Ces hypocrisies ont marqué la réunion le lundi 6 juillet en fin de journée de Mme Merkel et de François Hollande à l’Élysée. La France et l’Allemagne ont appelé, par la bouche de François Hollande, la Grèce à soumettre une liste de « propositions sérieuses, crédibles, pour que (sa) volonté de rester dans la zone euro puisse se traduire » [1].

La Chancelière allemande a, en ce qui la concerne, dit attendre « maintenant des propositions tout à fait précises du Premier ministre grec » [2]. Mais, une hypocrisie peut en cacher une autre. Les discours des acteurs camouflent – plutôt mal aujourd’hui – le fait que sans une solidarité importante entre les pays membres, une Union monétaire comme l’euro est condamnée à périr.

L’hypocrisie des demandes de réformes

Il est stupéfiant, et consternant de mauvaise foi, de voir des acteurs aux responsabilités si éminentes que Mme Merkel et François Hollande, continuer à demander des « réformes » à Alexis Tsipras. Ce dernier, dès son élection le 25 janvier dernier, a dit toute la nécessité de mener de profondes réformes en Grèce. De fait son gouvernement, unissant la gauche de Syriza et la droite souverainiste de l’Anel (les « Grecs Indépendants »), est certainement le gouvernement le mieux placé pour conduire un important programme de réforme et de modernisation en Grèce.
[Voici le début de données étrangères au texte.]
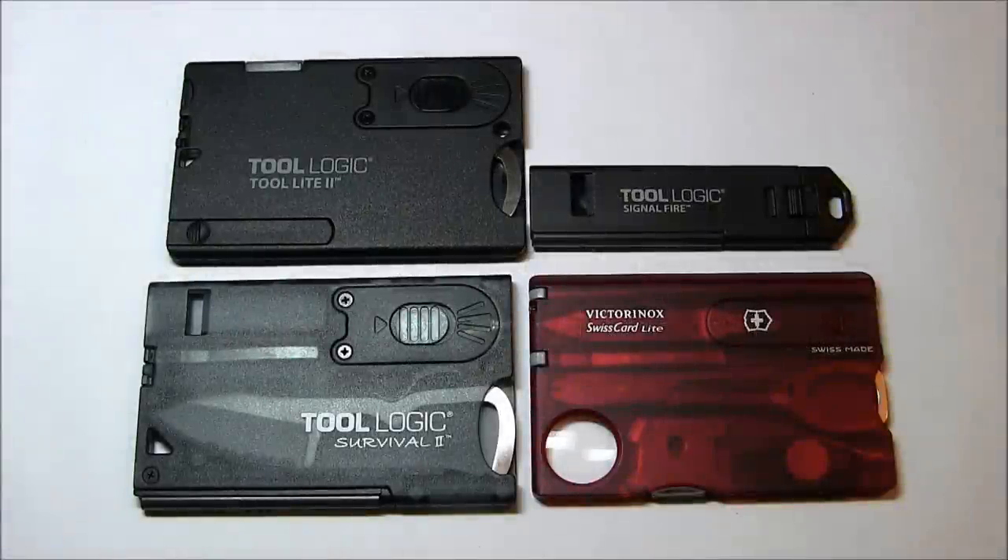I want to quickly go through and compare these four products. I've done individual reviews of all four of them, and I know there seems to be an odd one out, but I'll explain exactly why it's in there. I thought it would be interesting to see them side by side. If you've missed any of the other reviews, you can always look back and check each one out.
Ce gouvernement n’est pas lié par les relations clientélistes, les pratiques de collusion et de corruption qui étaient si développées au point d’en devenir emblématiques que ce soit avec le gouvernement de Papandréou (les « socialistes » du Pasok) ou avec le gouvernement de droite de Samaras (la « Nouvelle Démocratie »).

De fait, le gouvernement issu des élections du 25 janvier a proposé un renforcement du système fiscal, transférant une partie de la charge sur les plus riches et supprimant de nombreuses niches et exemptions fiscales, et il a aussi proposé des réformes importantes touchant tous les sujets sensibles, y compris le régime des retraites.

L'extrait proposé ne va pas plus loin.